How Oneiza was Saved and Lost
The song of the lark awoke Oneiza, and she wished, as she watched the bird twinkling in the morning light, that she had wings and liberty like him. Her cheek flushed and grew pale again, but Thalaba was calm and ready for his work. But first he considered how he should arm himself, remembering that his arrow had fallen with a blunted point from Lobaba's breast. It might well be, he thought, that Aloaddin might be protected by a spell of equal power. Thus thinking he caught sight of a young poplar that stood by the brink of the river, with its leaves shivering in the wind, and turned to Oneiza and said, "I remember how in the old days you would bring down the clusters of dates from the palms, cutting the stalks with the arrow, so true was your aim. Take the bow again, dear maid; I must have different arms."

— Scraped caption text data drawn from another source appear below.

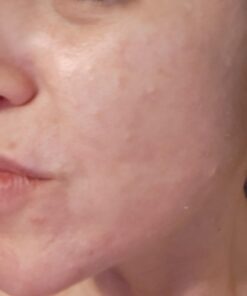 YEOUTH Glycolic Acid Peel for Face Professional 30% Gel with Retinol & Green Tea, Chemical Peel for Face at Home for Wrinkles, Dark Spots & Acne, Skin Care Chemical Exfoliant, Glycolic Acid Serum Glycolic 30% Peel 1oz 41 615Z9fNFUoL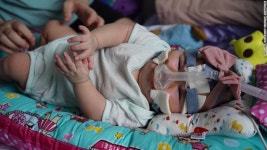 [월드피플+] 세계서 가장 작은 212g 조산아, 1년 만에 기적 퇴원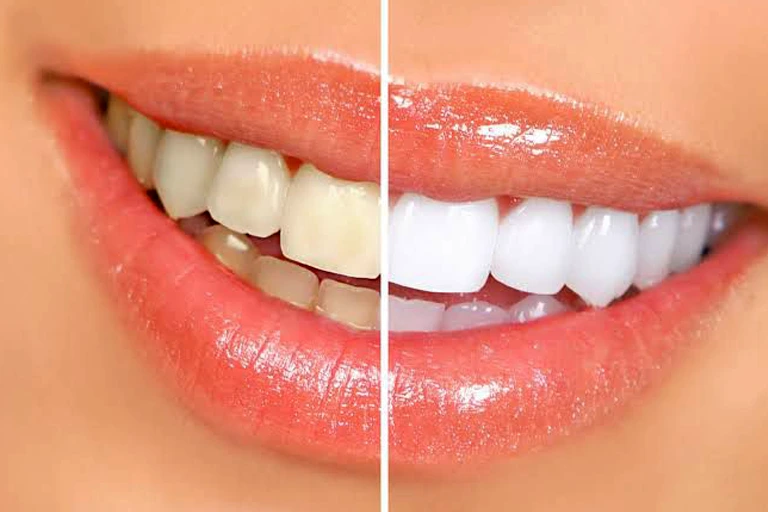 Clareamento Dental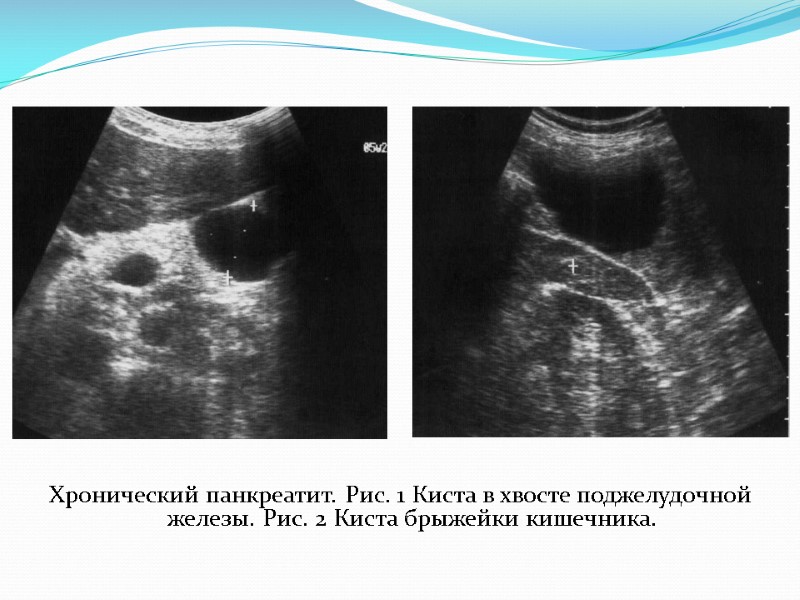 Хронический панкреатит. Рис. 1 Киста в хвосте поджелудочной железы. Рис. 2 Киста брыжейки кишечника.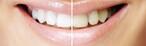Dentist, dentist, dentist whangarei, Dentist Whangarei, Whangarei, dentistry, oral hygiene, dental health, dental health services, family dentist, white teeth, affordable dentist whangarei, best dentist whangarei, Smilecare, smilecare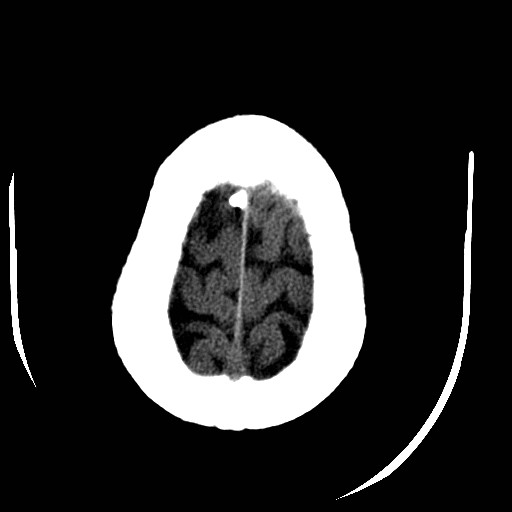 Cerebral edema (evolution in time) (Radiopaedia 19418-19440 non-contrast 84).jpg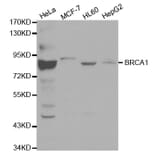 Western blot - BRCA1 Antibody from Signalway Antibody (32016) - Antibodies.com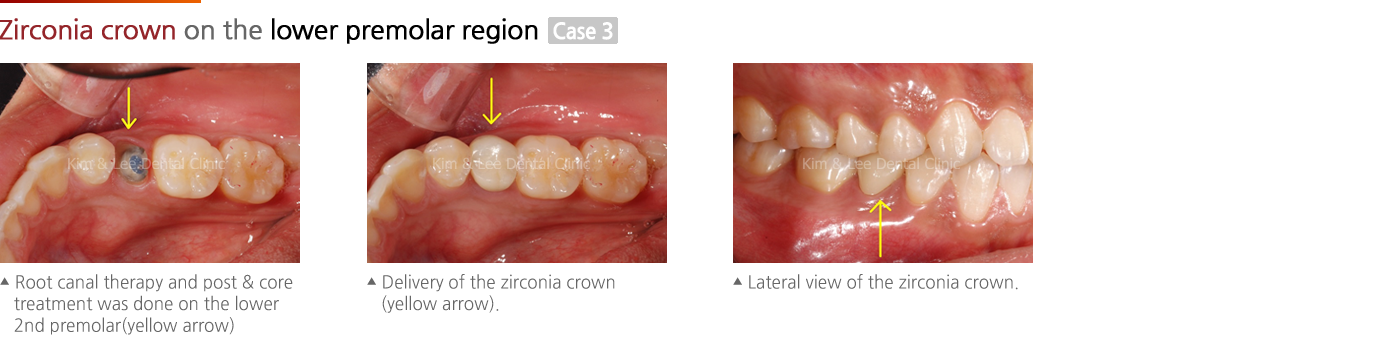 Zirconia crown on the lower premolar region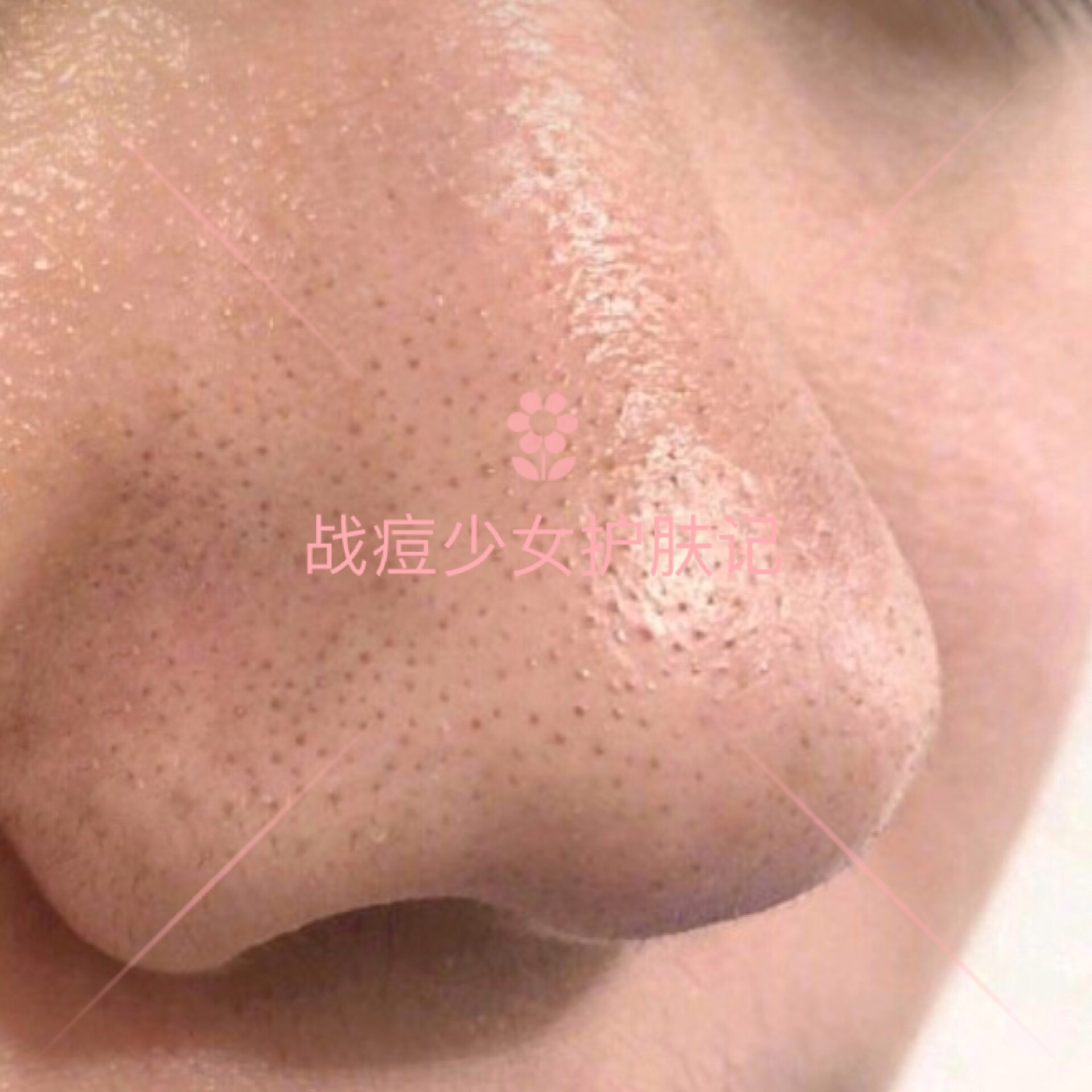 各种类型的痘痘怎么祛痘,痘痘六种类型上集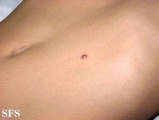 xanthogranuloma juvenile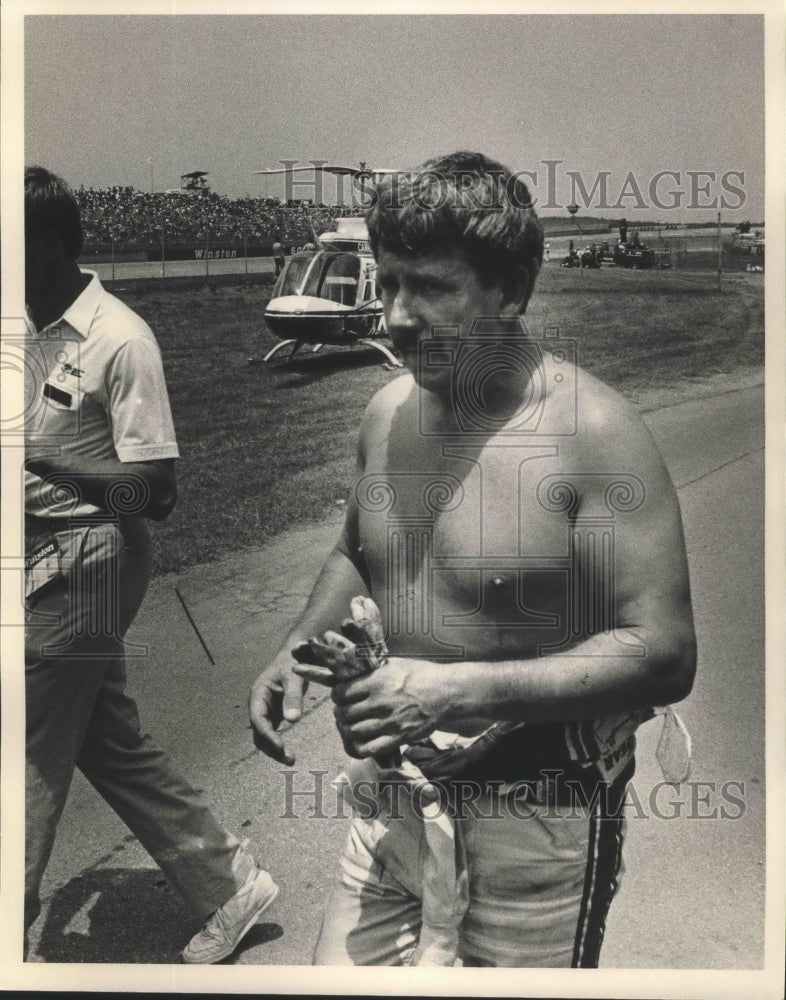 1987 Press Photo Auto Racing&#39;s Neil Bonnett After Indianapolis 500 Accident - Historic Images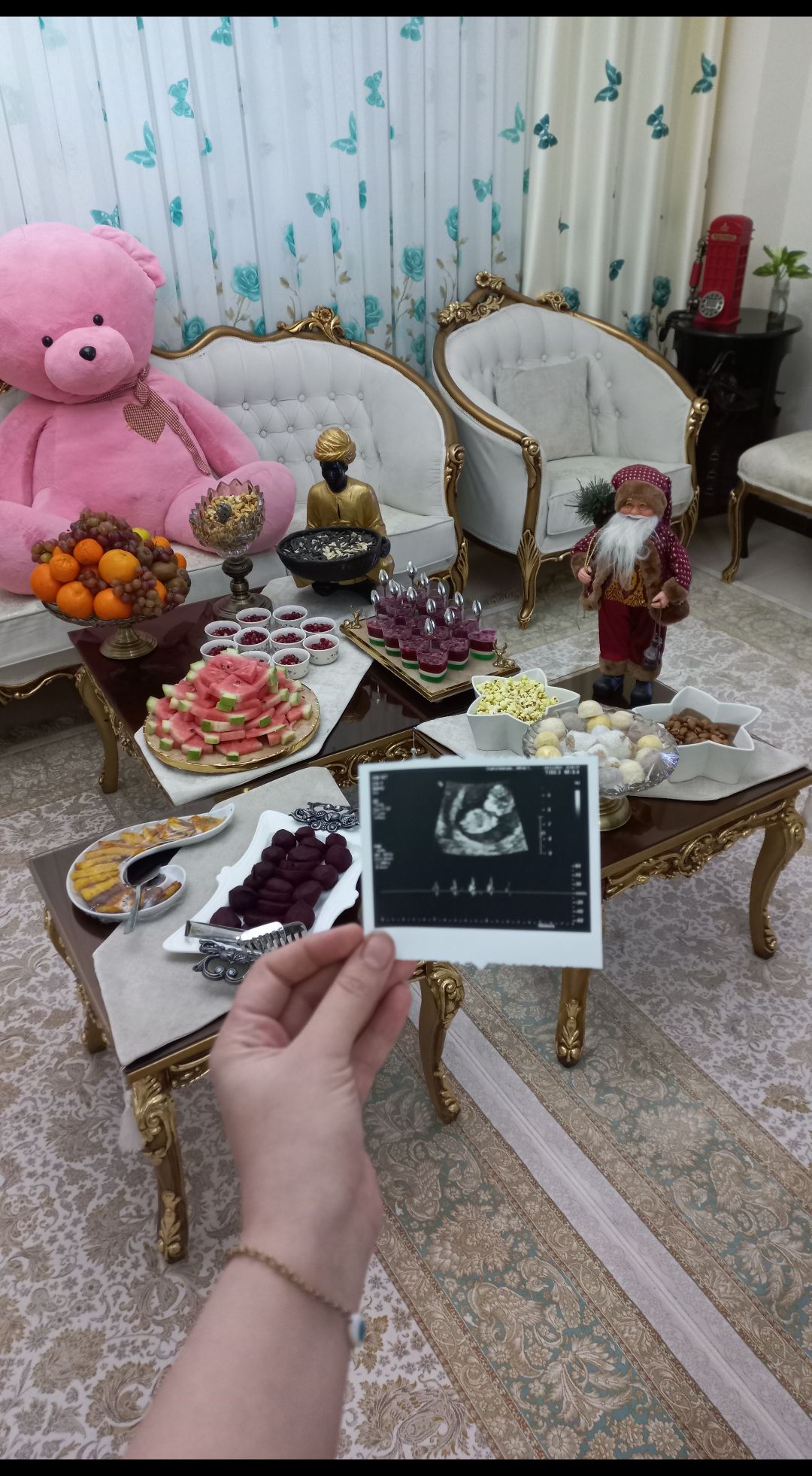 سونوگرافی آکای خجسته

So speaking he grasped the poplar with both hands, and wrenched it from the earth, roots and all. From these he shook off the clotted earth, and broke away the head, and boughs, and lesser roots, till he had fashioned a mighty club. "Now I am ready for this child of sin. He shall exchange, maybe to-day, his paradise for a far different dwelling."
So the youth and the maid went to the centre of the garden. It so chanced that Aloaddin had that day assembled all the inhabitants, and the two mingled unnoticed with the throng, or if any one noticed them it was to say, "See a daughter of the Homerites who remembers yet the tents of the tribes, for their women know how to wield the bow and the spear." Nay," his neighbour would answer, "it is a love pageant. He with that fierce eye and massy club mimics some lion-tamer, and she plays the heroine with her arrows and her bow."
Aloaddin sat on a throne of gold, his crown and robe shining with jewels. Over his head hovered a huge bird, so huge that an eagle would have been but like a sparrow in his clasp. His breast was iron and his feathers burnished gold, and he waved his wings, at once a canopy and a fan. The crowd bent their knees to the sorcerer, and shouted, "Hail, great Giver of Joy, Lord of Paradise!" Then he rose to speak, and they stood silent.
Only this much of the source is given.